The Slatest

CNN’s “Guns in America” Asks No Hard Questions, Shows How Far Ahead the NRA Really Is

On Thursday night, CNN enlisted Anderson Cooper to host a town hall with President Obama on “Guns in America” in an attempt to cut through the noise with an hour-or-so of civil discourse on the role of guns in the country. Cooper stressed at the outset that the idea for the forum was CNN’s and the National Rifle Association had also been asked to join, but declined. The organization’s presence was still felt.

The billing of “Guns in America” was ultimately too broad a label for the discussion that ensued. The President of the United States, author of a handful executive orders this week aimed at cinching gun sale loopholes, made the straightforward point that increasing accountability via background checks makes common sense. The logic for gun control is linear, the forces against it, unfortunately, are not.

Obama went no further. “We put out a proposal that is common sense, modest, does not claim to solve every problem,” Obama said. “The goal here is just to make progress.” Progress in America today appears to be simply fewer gun deaths, which everyone can agree on.

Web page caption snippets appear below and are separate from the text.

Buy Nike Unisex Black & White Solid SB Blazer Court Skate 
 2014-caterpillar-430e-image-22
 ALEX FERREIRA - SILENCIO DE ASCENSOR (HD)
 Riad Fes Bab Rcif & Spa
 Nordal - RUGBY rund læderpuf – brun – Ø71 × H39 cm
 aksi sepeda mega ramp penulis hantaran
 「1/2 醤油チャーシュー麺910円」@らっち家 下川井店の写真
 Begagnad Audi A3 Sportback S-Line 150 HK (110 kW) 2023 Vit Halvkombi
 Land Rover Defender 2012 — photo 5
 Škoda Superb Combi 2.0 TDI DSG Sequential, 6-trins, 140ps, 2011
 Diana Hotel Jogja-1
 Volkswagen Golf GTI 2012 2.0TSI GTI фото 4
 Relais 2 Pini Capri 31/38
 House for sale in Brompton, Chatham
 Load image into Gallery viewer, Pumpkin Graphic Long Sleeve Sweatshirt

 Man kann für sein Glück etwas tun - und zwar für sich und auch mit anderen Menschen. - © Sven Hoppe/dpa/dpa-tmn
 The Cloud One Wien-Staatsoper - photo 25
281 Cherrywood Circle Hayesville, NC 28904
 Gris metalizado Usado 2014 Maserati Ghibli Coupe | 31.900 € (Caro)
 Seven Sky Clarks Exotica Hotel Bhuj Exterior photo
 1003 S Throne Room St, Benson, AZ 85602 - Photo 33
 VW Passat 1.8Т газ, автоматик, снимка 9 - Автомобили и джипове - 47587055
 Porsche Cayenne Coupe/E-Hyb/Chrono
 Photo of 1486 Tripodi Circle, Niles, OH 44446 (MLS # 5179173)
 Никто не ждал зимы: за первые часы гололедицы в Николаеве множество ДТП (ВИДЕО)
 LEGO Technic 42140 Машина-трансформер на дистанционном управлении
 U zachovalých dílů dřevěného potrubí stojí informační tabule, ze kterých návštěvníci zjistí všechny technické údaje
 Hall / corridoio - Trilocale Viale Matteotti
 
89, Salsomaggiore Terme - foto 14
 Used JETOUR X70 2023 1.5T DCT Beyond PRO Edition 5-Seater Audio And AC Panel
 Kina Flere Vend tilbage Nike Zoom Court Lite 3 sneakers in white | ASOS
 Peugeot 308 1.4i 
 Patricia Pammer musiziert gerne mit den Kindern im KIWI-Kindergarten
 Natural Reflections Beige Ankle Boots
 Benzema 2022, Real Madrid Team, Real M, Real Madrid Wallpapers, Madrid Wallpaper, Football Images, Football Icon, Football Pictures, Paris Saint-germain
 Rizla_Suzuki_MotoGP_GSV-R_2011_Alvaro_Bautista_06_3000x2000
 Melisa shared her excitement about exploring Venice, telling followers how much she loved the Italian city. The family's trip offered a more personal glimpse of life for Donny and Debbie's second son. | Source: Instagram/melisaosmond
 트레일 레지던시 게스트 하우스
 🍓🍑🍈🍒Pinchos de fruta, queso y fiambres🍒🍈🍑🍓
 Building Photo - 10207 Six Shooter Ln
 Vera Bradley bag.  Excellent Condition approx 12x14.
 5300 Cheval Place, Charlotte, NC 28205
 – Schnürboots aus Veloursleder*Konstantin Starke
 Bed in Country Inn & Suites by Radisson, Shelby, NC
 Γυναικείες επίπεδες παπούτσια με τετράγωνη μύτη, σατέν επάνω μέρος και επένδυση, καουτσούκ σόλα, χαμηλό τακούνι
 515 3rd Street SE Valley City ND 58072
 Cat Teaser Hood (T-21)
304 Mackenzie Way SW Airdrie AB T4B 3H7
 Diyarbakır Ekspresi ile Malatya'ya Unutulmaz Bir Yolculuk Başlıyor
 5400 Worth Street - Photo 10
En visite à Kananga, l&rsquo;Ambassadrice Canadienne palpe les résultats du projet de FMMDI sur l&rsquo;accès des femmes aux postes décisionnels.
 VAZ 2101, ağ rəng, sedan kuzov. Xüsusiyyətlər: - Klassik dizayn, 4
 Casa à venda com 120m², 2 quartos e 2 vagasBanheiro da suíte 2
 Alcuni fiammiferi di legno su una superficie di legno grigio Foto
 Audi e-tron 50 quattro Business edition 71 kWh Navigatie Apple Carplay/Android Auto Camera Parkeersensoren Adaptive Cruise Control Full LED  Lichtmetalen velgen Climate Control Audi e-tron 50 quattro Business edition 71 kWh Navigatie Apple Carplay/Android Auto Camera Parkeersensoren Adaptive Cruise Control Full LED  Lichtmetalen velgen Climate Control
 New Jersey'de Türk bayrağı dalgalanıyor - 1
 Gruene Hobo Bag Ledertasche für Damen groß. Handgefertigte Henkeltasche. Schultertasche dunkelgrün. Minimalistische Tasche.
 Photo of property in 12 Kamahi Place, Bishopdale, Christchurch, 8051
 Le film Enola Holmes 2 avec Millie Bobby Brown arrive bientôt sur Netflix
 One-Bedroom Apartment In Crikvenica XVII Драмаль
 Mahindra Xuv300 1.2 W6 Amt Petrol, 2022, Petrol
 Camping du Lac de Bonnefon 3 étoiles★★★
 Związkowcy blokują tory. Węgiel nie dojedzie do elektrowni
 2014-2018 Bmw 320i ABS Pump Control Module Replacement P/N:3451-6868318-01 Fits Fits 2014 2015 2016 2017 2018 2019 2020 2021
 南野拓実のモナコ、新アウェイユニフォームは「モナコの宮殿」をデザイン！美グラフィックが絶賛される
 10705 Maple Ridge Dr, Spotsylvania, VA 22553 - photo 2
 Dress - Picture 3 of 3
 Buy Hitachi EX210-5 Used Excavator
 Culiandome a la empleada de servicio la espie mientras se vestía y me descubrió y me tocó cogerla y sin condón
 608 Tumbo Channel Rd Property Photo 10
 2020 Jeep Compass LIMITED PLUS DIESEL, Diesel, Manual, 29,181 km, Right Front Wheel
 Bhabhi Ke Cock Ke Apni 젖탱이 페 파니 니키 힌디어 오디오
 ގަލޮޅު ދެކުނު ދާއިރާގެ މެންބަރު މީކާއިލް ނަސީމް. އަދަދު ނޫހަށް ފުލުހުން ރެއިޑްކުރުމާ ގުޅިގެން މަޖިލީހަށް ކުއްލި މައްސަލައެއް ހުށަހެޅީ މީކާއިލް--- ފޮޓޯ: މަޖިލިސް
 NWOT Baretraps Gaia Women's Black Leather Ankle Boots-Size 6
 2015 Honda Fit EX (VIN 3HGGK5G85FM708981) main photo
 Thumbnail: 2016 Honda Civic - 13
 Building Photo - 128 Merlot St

The difficult part of how to achieve that progress was left untouched, the big questions left unanswered, and largely unasked. Who, if anyone, can have guns? What kind of guns can they have? And where, how, and under what circumstances can they use them?  As a testament to where Americans appear to be on guns, and presumably why the N.R.A. doesn’t feel the need to show up for events like this, Obama repeatedly stressed how small, how constrained these changes are. A majority of Democrats, Republicans, and even gun owners, after all, support the measure and the message appears to be that that’s better than large, bold ideas at this point. The town hall gave the impression the N.R.A. is so far out in front, that the administration and its gun control allies are so utterly without momentum, that they’re just trying to get a point on the board before time runs out on a presidency.

“This is not a proposal to solve every problem,” was a line Obama retreated to throughout the program. Perhaps grander ambition would have helped a town hall that conspicuously felt like a conversation about someone standing on the other side of the room—no toes were stepped on, no feathers ruffled, no voices raised, everyone’s freedoms were left untouched just as they were before the cameras started rolling, everyone went home as they came, as if the house wasn’t already on fire.